# Task goal:
Output the listing verbatim, leaving out every picture.

# Data extract:
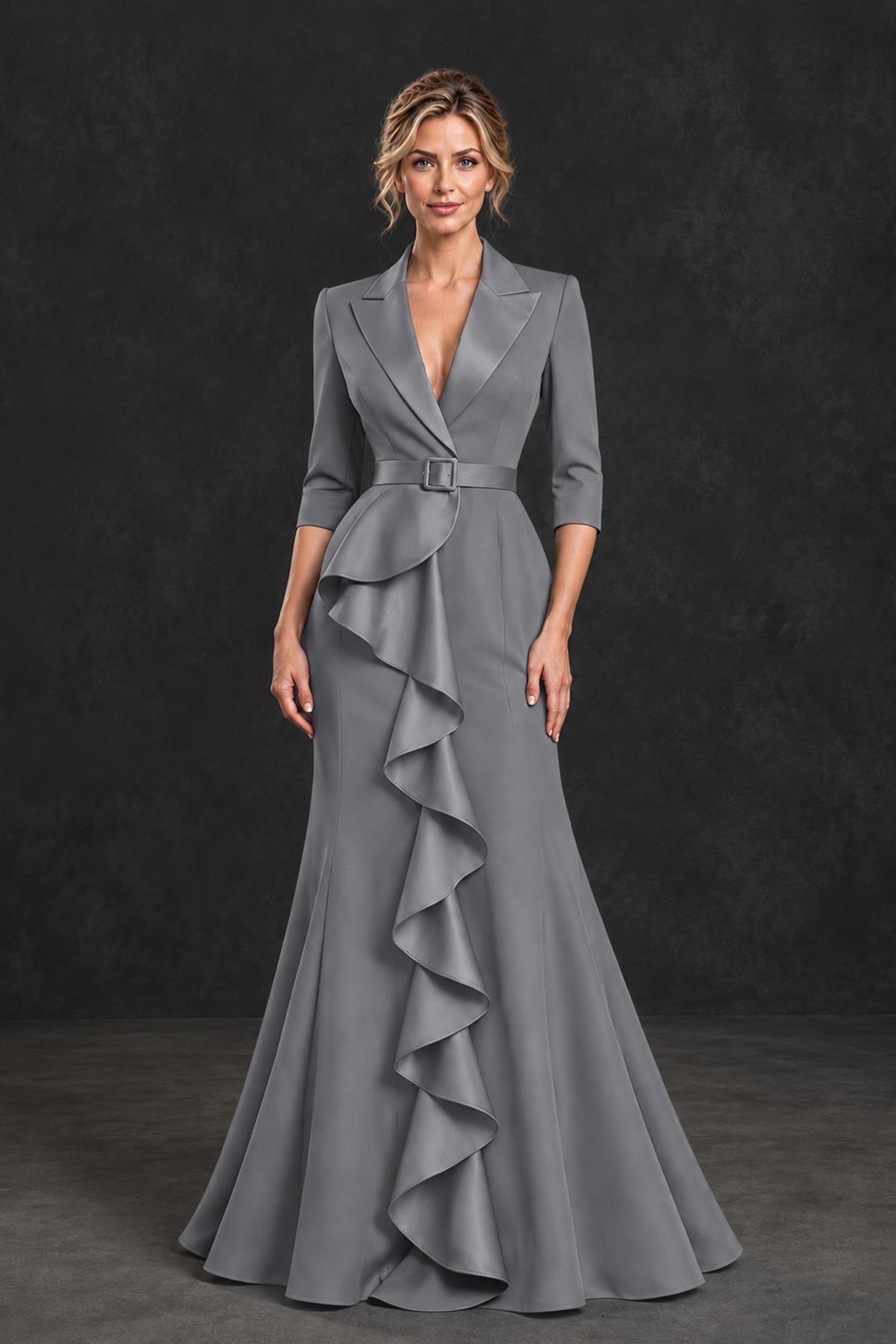 BOLODOO Grey Lapel Ruffle Mother of the Bride Dress with Belt - Grey - Grey_1
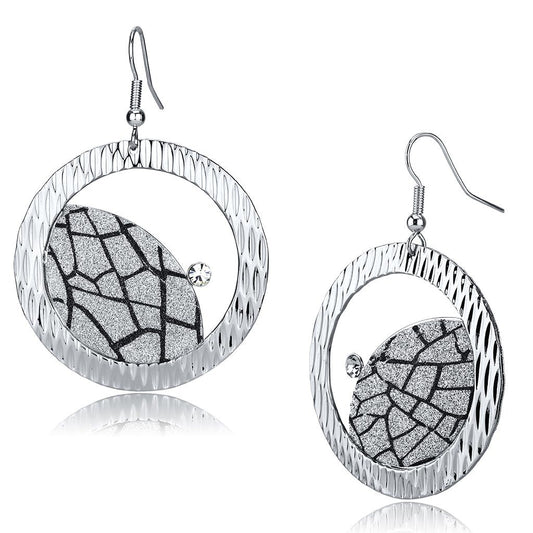 LO2725 - Rhodium Iron Earrings with Top Grade Crystal in Clear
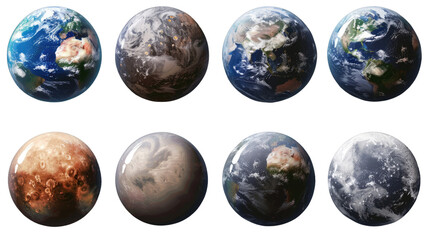  set of fantasy alien planet isolated background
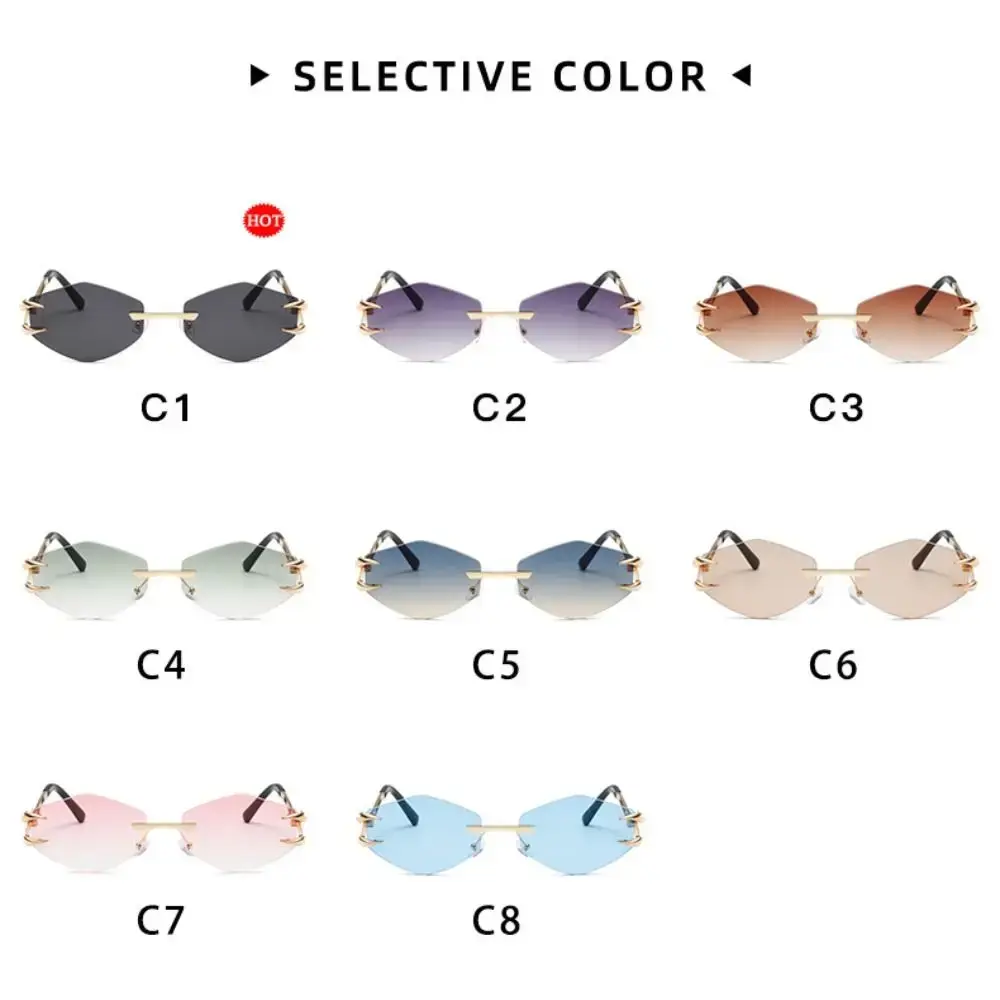 Fashion Rimless Square Sunglasses Retro Small Frame Gradient Frameless Sunglass High Quality UV400 Popular Metal Eyewear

# Reply:
 BOLODOO Grey Lapel Ruffle Mother of the Bride Dress with Belt - Grey - Grey_1
 LO2725 - Rhodium Iron Earrings with Top Grade Crystal in Clear
  set of fantasy alien planet isolated background
 Fashion Rimless Square Sunglasses Retro Small Frame Gradient Frameless Sunglass High Quality UV400 Popular Metal Eyewear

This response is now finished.